Making an Effective Presentation

The lavish presentation appeals to me, and I’ve got to convince the others.
Freddie Mercury

As you design your presentation, start by assuming that everyone who has qualified as a prospect wants to buy and buy now. This may eventually prove to be incorrect, but assume it anyway. Many people who are on the “edge” will make the decision to buy without your having to make a great deal of extra effort simply because you are so confident they want what you have to offer and today is the day they should buy.

Getting the Audience Involved in the Action
The more senses you can bring into play during the presentation, the better your chances of making a sale. Use sight, sound, feel, smell—anything you can to get prospects involved in your presentation.

Using Questions for Involvement
Questions can be an important part of your presentation by getting the prospects involved with your points. Prospects can’t just sit back and pretend to listen when you ask them questions. And often, even if they wanted to remain detached, good questions will “hook” them into considering your proposition more seriously. Open-ended questions—questions that can’t be answered yes or no—are best. Ask questions that get them talking about things that relate to features or benefits of your product or service.

The Points You Need to Cover
Many people think that giving a great presentation requires a gift of gab or a certain type of personality. Not so. There are many ways to give a winning presentation, the best of which is to write a script and practice it until you can deliver a legendary performance. A good presentation script will read a lot like a good direct mail letter. It will be full of features and benefits. While features are more objective, your emphasis should be on the benefits. There are usually more benefits than you think, and many of them are several levels deep.

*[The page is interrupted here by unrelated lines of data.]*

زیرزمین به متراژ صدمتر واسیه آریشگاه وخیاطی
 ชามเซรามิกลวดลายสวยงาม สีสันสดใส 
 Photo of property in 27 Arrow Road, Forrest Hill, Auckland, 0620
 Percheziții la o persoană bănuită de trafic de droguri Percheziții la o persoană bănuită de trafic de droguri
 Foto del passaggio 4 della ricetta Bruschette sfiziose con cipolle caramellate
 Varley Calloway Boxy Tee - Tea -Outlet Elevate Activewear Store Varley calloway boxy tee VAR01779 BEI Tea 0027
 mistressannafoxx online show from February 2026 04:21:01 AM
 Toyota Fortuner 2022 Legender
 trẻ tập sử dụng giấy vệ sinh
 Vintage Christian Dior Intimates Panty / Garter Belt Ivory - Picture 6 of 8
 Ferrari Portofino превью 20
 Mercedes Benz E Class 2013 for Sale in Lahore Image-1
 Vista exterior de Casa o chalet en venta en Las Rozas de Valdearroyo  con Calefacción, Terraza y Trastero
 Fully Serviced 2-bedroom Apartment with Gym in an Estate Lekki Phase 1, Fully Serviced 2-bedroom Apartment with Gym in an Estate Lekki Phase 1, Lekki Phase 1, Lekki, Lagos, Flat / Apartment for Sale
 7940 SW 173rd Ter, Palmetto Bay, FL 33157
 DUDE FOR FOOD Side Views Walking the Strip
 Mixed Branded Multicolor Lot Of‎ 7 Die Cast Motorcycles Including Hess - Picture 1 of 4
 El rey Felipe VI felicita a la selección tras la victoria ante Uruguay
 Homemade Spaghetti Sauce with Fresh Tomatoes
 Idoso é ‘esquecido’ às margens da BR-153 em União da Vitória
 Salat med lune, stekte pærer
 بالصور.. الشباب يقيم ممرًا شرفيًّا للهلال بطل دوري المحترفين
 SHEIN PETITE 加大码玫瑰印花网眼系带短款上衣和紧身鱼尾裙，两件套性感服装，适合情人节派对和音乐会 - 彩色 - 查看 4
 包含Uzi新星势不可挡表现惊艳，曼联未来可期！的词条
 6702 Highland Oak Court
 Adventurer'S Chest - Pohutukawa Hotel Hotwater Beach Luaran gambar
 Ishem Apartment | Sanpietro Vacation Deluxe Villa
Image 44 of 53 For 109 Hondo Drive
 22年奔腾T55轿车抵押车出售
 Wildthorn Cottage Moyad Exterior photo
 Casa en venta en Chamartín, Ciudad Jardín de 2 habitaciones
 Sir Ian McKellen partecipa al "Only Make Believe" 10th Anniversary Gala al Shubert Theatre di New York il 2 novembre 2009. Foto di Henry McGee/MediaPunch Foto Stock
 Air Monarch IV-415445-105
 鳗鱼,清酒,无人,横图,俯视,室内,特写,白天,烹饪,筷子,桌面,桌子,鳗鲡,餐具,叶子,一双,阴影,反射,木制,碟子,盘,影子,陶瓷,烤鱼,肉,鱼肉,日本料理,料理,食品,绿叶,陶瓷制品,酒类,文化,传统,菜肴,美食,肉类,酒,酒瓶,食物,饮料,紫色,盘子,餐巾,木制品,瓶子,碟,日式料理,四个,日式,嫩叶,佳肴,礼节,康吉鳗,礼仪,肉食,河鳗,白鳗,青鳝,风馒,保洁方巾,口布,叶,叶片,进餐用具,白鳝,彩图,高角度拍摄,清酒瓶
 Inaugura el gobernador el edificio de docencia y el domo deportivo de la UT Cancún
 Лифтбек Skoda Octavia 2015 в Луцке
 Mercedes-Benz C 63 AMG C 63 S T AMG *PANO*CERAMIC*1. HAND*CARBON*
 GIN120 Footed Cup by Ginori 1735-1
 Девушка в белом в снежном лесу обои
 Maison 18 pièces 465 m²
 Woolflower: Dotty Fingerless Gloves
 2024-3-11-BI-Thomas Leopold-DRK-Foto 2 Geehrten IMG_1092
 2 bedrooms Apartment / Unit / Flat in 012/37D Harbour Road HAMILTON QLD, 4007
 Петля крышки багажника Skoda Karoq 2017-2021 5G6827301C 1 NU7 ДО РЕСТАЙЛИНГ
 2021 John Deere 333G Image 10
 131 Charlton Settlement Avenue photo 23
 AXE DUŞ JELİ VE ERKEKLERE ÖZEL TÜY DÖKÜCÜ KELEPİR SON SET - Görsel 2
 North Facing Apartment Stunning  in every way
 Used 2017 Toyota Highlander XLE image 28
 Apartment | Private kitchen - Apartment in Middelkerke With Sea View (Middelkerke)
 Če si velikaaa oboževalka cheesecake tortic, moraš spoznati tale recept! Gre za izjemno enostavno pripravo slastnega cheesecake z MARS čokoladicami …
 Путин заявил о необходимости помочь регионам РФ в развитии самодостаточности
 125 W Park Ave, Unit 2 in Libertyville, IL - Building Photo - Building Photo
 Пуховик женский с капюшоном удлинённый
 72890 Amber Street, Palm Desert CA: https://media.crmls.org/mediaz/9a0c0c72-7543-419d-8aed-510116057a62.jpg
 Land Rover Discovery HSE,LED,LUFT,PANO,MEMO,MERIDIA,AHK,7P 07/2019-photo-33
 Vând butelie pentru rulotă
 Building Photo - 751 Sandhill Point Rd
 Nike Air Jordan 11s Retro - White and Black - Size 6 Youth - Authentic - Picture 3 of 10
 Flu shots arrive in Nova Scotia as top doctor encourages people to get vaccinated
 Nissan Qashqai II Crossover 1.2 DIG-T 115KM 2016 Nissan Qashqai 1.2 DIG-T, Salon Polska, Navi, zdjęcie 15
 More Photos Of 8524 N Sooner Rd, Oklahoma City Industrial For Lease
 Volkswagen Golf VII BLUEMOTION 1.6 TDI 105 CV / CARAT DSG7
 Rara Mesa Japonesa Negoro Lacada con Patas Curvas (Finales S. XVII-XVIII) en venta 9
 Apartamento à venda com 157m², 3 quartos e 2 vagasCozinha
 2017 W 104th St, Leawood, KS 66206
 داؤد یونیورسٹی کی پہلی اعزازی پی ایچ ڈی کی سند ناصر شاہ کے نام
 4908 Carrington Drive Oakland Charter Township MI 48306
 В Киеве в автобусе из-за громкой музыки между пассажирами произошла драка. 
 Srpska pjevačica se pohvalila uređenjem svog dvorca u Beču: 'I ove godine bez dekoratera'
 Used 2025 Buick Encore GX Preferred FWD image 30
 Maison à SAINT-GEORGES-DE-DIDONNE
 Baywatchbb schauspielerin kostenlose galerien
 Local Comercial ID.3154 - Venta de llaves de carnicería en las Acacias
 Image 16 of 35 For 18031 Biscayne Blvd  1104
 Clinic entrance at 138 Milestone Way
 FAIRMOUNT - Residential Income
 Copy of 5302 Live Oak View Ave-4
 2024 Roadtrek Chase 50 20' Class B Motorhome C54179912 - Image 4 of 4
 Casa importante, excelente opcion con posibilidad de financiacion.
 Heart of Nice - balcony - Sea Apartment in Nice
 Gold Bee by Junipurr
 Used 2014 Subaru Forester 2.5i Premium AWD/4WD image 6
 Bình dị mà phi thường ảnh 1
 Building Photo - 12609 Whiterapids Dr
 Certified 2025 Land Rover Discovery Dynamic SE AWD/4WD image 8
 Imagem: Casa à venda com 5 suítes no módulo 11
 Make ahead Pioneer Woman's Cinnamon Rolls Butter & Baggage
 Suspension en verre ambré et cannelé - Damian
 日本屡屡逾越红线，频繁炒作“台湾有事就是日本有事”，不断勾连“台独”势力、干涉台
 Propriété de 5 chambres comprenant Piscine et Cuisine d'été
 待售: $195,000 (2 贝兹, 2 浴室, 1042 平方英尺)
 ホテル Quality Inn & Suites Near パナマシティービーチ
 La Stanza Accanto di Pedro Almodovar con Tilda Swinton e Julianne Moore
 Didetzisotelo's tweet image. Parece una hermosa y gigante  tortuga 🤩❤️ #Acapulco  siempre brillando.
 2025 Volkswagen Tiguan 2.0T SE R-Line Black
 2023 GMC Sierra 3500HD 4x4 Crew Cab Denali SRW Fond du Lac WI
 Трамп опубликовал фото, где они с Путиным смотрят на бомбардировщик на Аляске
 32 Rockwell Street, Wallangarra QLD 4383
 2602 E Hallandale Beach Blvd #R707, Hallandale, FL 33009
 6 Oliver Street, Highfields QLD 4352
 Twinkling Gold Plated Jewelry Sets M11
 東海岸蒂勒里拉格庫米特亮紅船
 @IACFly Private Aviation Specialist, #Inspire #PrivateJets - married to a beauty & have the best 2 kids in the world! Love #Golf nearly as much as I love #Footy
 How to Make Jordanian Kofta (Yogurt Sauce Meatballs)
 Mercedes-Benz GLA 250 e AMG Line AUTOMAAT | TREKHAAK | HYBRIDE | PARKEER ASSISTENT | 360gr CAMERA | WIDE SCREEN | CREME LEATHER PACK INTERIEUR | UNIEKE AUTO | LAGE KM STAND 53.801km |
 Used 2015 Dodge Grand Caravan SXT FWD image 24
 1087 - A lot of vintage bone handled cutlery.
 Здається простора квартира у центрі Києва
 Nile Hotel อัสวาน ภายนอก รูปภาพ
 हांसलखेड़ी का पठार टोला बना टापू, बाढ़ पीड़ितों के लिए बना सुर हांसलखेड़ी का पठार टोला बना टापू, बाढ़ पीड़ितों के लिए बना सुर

List the features of your product or service that you want to cover in your presentation. Here is a good example from a country club to give you an idea of things you might include:

• history
• regional points of interest (for recent movers)
• types of members
• social activities
• the clubhouse
• the course(s)
• tournaments
• other facilities like tennis or swimming pool
• membership costs and financing programs

Now list the benefits that come from your features. (You may skip many features and go straight to benefits in your presentation.)

• family recreation and togetherness
• safe place for the kids
• relaxation
• new friends
• more social life
• exercise
• business contacts
• status
• meeting the “right” type of people
• a place to take customers
• money saved on vacations and entertainment

Simply spell out each benefit you want to convey on index cards or post it notes on your laptop and you have your basic presentation. Organize the cards from top to bottom with the lead benefits first (these may change depending on the prospect). Add a few testimonials from happy customers and you’re well on your way to a great presentation. Time to start practicing.

Script your presentation just like a great movie. Develop the perfect script and the perfect delivery.